Son iki yüz yıl içerisinde batılılaşma gayretlerimizle beraber Batılı gibi olma düşüncemiz, temele bilimi alan ve pragmatist(faydacı) bir felsefe ile yoluna devam eden eğitim sistemimiz nicelik olarak gelişme gösterirken nitelik itibariyle her gün biraz daha fazla kan kaybetmektedir. Yıllarca insanı sadece biyolojik ve ekonomik bir varlık olarak kabul eden düşünceler insanın, somato-psikospiritüel yani maddi biyolojik ve psikolojik aynı zamanda manevi yani ruhsal bir varlık olduğunu unutmuş görünmektedirler.

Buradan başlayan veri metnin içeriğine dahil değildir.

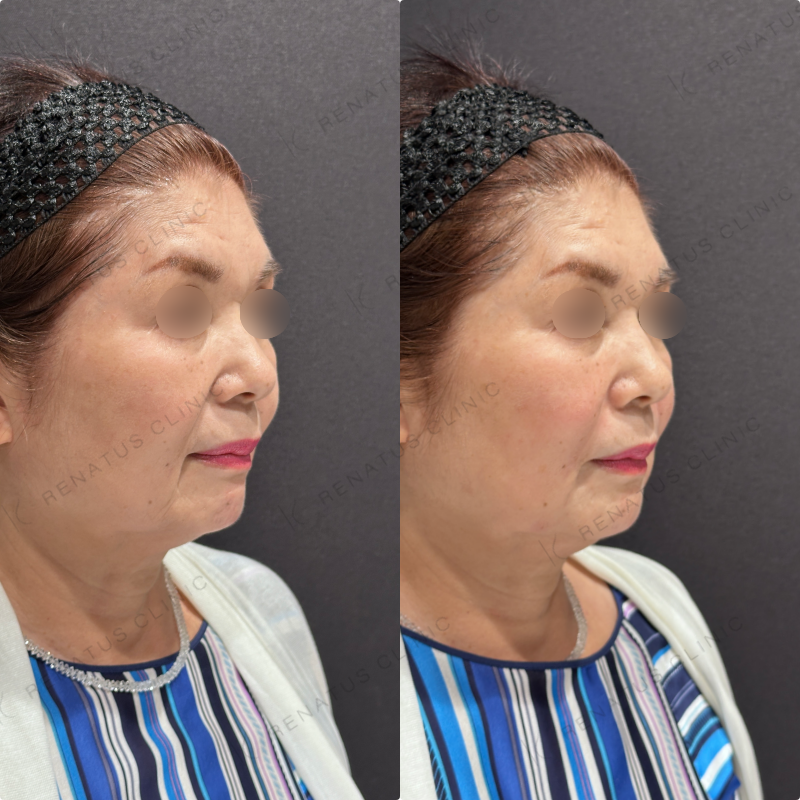 マリオネット・ほうれい線ヒアルロン酸ボリューマ・ボリフト症例写真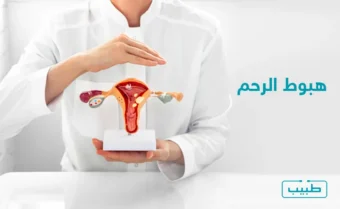 هبوط الرحم هو حالة طبية غير خطيرة لكنها تستوجب العلاج بسبب الأعراض المزعجة المرافقة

Bizim dünyamızda insan, yeryüzünün halifesi olarak ve “eşref-i mahluk” yani yaratılanların en şereflisi aynı zamanda “alemin özü” olarak kabul edilmiştir. Bu kabul bilimin nesnel tekçi anlayışı ile felsefenin düalist ikici anlayışını aşarak Yaradan’ı esas alarak yaratılanı yani madde ile manayı birleştirmiş tevhid anlayışına ulaşmıştır. Diğer taraftan insan fıtrat itibariyle tertemiz yaratılmıştır. Bu düşünce insanın günahkâr olarak dünyaya geldiğini kabul eden Batı düşüncesinden ayrılmaktadır. Ve inanç temelleri “oku” (96/1) hitabıyla başlarken, ?” Ona beyanı (düşünüp ifade etmeyi) öğretti” (55/4) şeklindeki ayetler semada başlayan ilk konuşma ile irfan ve kültür dünyasını kurmayı aynı zamanda verilen sözün sorumluluğuna varmayı amaç edinmiştir. Bir bakıma insan başıboş bırakılmamış, kendi sorumluluğunun farkında olarak onu Allah’a götürecek bir özgürlüğün tadına ulaştıracak olan ideali gerçekleştirecektir. Bunun yolu ise; nesneyi anlama ve açıklamanın yolu olan bilim, aklın insan için vazgeçilmez bir özellik olduğunu kabul eden felsefe ile aklın yanında ahlakın, vicdanın ve inancın bir arada varlık dünyasını okumada ve hayata aktarmada yeni bir dünya ve yeni bir medeniyet inşa etmede vazgeçilmez olduğunu anlamak ve kabul etmektir.